Its an 8 gal mega pot. Maybe its too wide but the 1800w burner just didn't cut it. I'm very happy with the 3500w burner. I always read maintain a good rolling boil?
That's a less than spectacular pot from an induction point of view. The Vollrath Optio line is basically the same construction. The difference in performance between a made in China Vollrath Optio stockpot and a made in the U.S.A. Vollrath Tri-Ply stockpot is noticeable.
The thing that I have noticed about the Chinese induction-ready stockpots is that they sing and/or buzz at a high frequency when used on an induction range. That's due to less than complete bonding between the layers in the bottom.

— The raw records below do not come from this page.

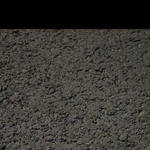 이게 무슨 <b>곤충</b>인가요…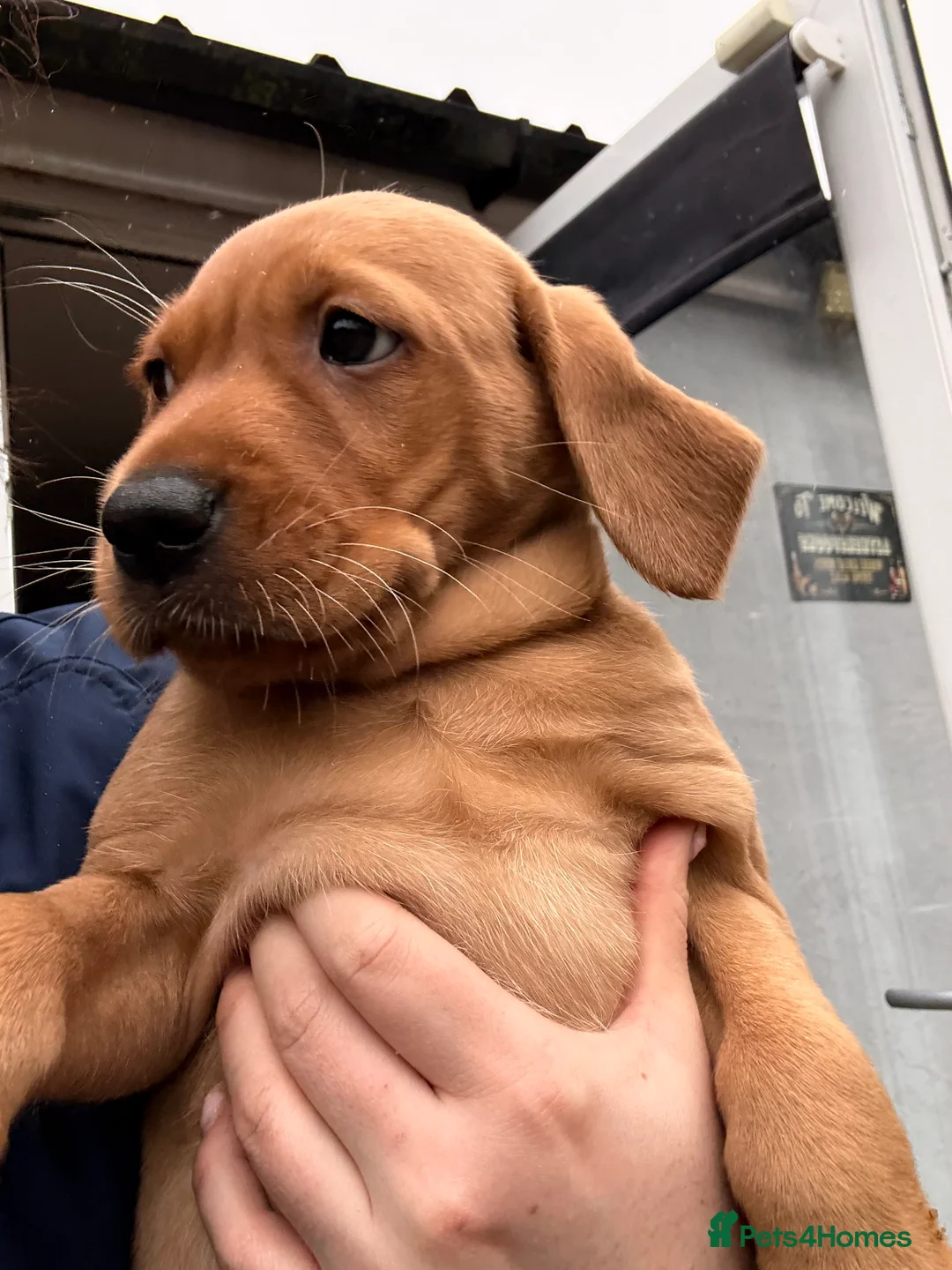 Labrador Retriever dogs for sale:  🐾❤️ KC Registered Fox Red Labrador Puppies 🐶✨ - Advert 2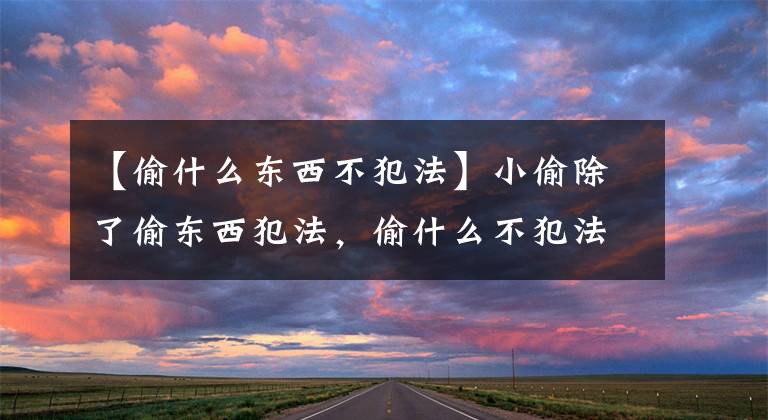 【偷什么东西不犯法】小偷除了偷东西犯法，偷什么不犯法？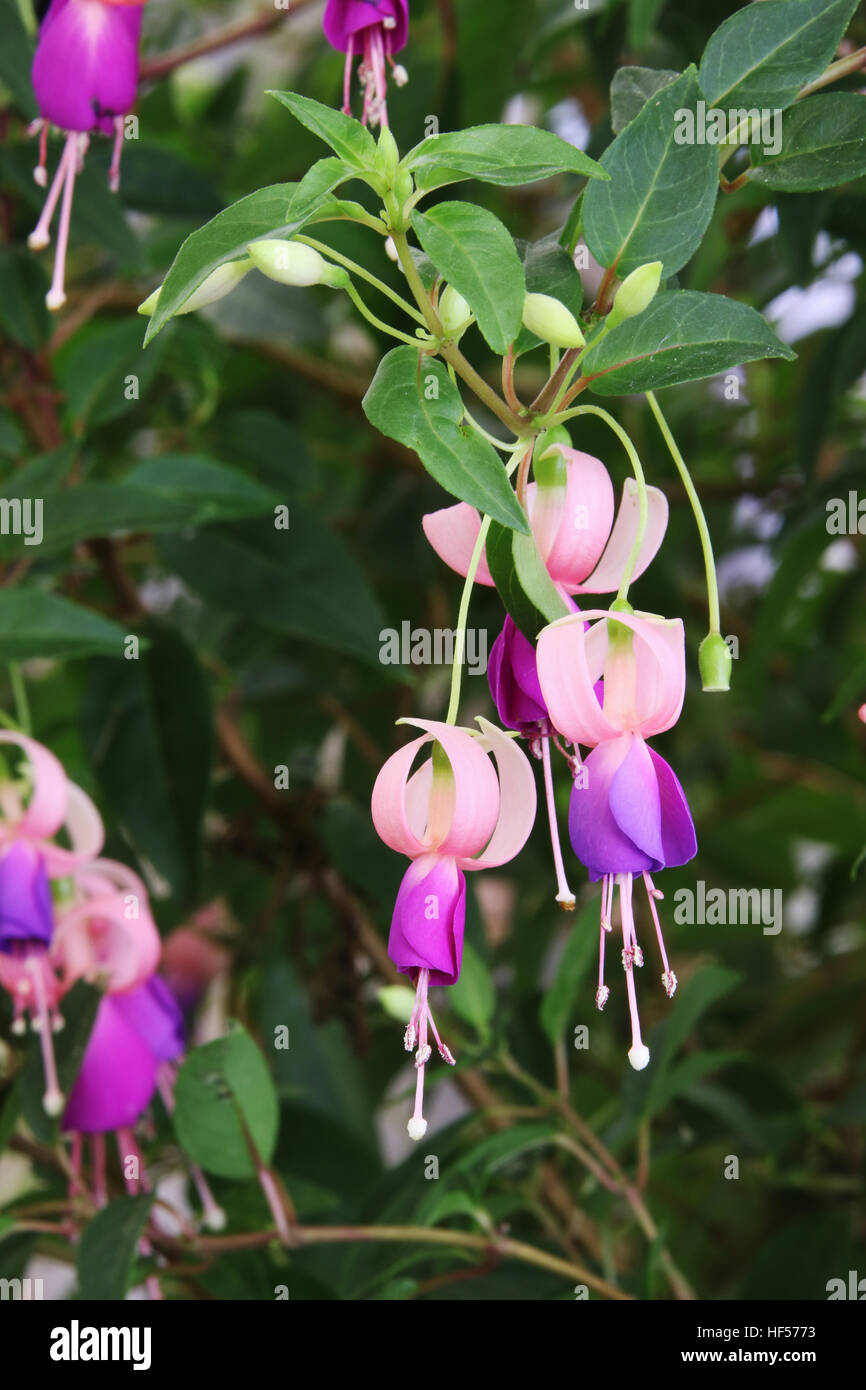 Onagraceae, Fuchsia, stieg von Kastilien oder Rose von Castillo. Canfield Fair. Mahoning County Fair. Canfield, Youngstown, Ohio, USA. Stockfoto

My children would squawk about a high-pitched ringing sound when I used the Chinese-made Vollrath stockpot. I could hear a lower-pitched singing sound until the stockpot heated up and expanded, but they said that it was like listening to a loud mosquito. The Vollrath Tri-Ply sounds like it has been placed on a gas range when placed atop an induction range.
Most home brewers boil too aggressively (I am guilty too). The generally accepted evaporation rate is six to ten percent per hour. Six to ten percent per hour on a 4-gallon boil is 0.24 to 0.4 gallons per hour. I was averaging roughly 0.65 gallons per hour on my induction range, which was an evaporation rate of roughly 14% when spread over the entire boil. If you are boiling down to 2.5 gallons from 4 gallons in a hour, then your evaporation rate is 37.5%. https://byo.com/hops/item/2816-better-boils-adding-body-mr-wizard
As a very general rule, it takes anywhere from 60–90 minutes of boiling accompanied by 6–10% reduction in wort volume to accomplish the basic goals of wort boiling. Evaporation rate is really an indicator of the fact that the wort indeed boiled as expected and is also an indicator of how much DMS removal occurred during the boil. The removal of DMS has really become the single largest topic about boiling because DMS is such a distinctive and potentially objectionable aroma. During the boil, S-methyl methionine from malt is converted to the aromatic and volatile dimethyl sulfide. If the boil is not sufficiently vigorous, the boil wort may contain enough residual DMS to be detected in the beer. Many brewers judge the intensity of the boil by how much the surface appears to roll and the term “rolling boil” is applied to wort that is properly boiling. Since wort boiling is so energy intensive there are very real economic reasons to reduce evaporation and the obsession with DMS removal goes hand-in-hand with this pursuit. Excessive evaporation, over about 15%, is also an indicator of excess thermal stress and can lead to problems with beer foam, flavor stability and development of wort flavors undesirable to some beer styles.